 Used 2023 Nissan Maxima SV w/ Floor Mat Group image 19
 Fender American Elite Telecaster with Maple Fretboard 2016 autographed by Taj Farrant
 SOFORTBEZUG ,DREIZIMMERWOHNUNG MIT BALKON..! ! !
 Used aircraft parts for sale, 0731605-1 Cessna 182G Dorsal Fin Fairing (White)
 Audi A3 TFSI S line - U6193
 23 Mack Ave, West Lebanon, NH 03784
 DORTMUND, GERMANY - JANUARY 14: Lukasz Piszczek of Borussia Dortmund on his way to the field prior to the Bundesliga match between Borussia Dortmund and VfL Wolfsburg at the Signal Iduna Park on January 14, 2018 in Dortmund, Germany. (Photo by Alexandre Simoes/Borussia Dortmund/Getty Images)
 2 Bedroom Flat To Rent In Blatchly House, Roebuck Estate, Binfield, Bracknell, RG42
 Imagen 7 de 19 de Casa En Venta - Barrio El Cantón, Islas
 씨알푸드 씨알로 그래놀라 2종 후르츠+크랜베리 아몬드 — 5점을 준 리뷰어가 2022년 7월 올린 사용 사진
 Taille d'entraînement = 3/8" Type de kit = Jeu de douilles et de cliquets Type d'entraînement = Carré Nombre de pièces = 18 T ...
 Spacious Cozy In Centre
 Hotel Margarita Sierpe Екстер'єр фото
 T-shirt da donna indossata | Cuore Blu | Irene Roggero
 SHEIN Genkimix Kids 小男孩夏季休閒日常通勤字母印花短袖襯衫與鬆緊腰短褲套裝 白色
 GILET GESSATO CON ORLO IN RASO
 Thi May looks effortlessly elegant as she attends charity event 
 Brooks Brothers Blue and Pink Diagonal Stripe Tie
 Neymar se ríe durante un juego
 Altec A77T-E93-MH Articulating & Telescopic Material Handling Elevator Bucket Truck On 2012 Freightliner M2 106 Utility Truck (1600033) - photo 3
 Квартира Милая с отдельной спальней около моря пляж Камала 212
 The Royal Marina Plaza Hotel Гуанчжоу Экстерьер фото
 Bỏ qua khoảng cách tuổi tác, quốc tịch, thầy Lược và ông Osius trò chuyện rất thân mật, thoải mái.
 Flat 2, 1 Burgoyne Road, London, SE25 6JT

• Exercise description
Once the line that contains "Imagen 7 de" is found, please give it again exactly, along with each line that comes after it, through the last line of the entries.

• Worked solution
 Imagen 7 de 19 de Casa En Venta - Barrio El Cantón, Islas
 씨알푸드 씨알로 그래놀라 2종 후르츠+크랜베리 아몬드 — 5점을 준 리뷰어가 2022년 7월 올린 사용 사진
 Taille d'entraînement = 3/8" Type de kit = Jeu de douilles et de cliquets Type d'entraînement = Carré Nombre de pièces = 18 T ...
 Spacious Cozy In Centre
 Hotel Margarita Sierpe Екстер'єр фото
 T-shirt da donna indossata | Cuore Blu | Irene Roggero
 SHEIN Genkimix Kids 小男孩夏季休閒日常通勤字母印花短袖襯衫與鬆緊腰短褲套裝 白色
 GILET GESSATO CON ORLO IN RASO
 Thi May looks effortlessly elegant as she attends charity event 
 Brooks Brothers Blue and Pink Diagonal Stripe Tie
 Neymar se ríe durante un juego
 Altec A77T-E93-MH Articulating & Telescopic Material Handling Elevator Bucket Truck On 2012 Freightliner M2 106 Utility Truck (1600033) - photo 3
 Квартира Милая с отдельной спальней около моря пляж Камала 212
 The Royal Marina Plaza Hotel Гуанчжоу Экстерьер фото
 Bỏ qua khoảng cách tuổi tác, quốc tịch, thầy Lược và ông Osius trò chuyện rất thân mật, thoải mái.
 Flat 2, 1 Burgoyne Road, London, SE25 6JT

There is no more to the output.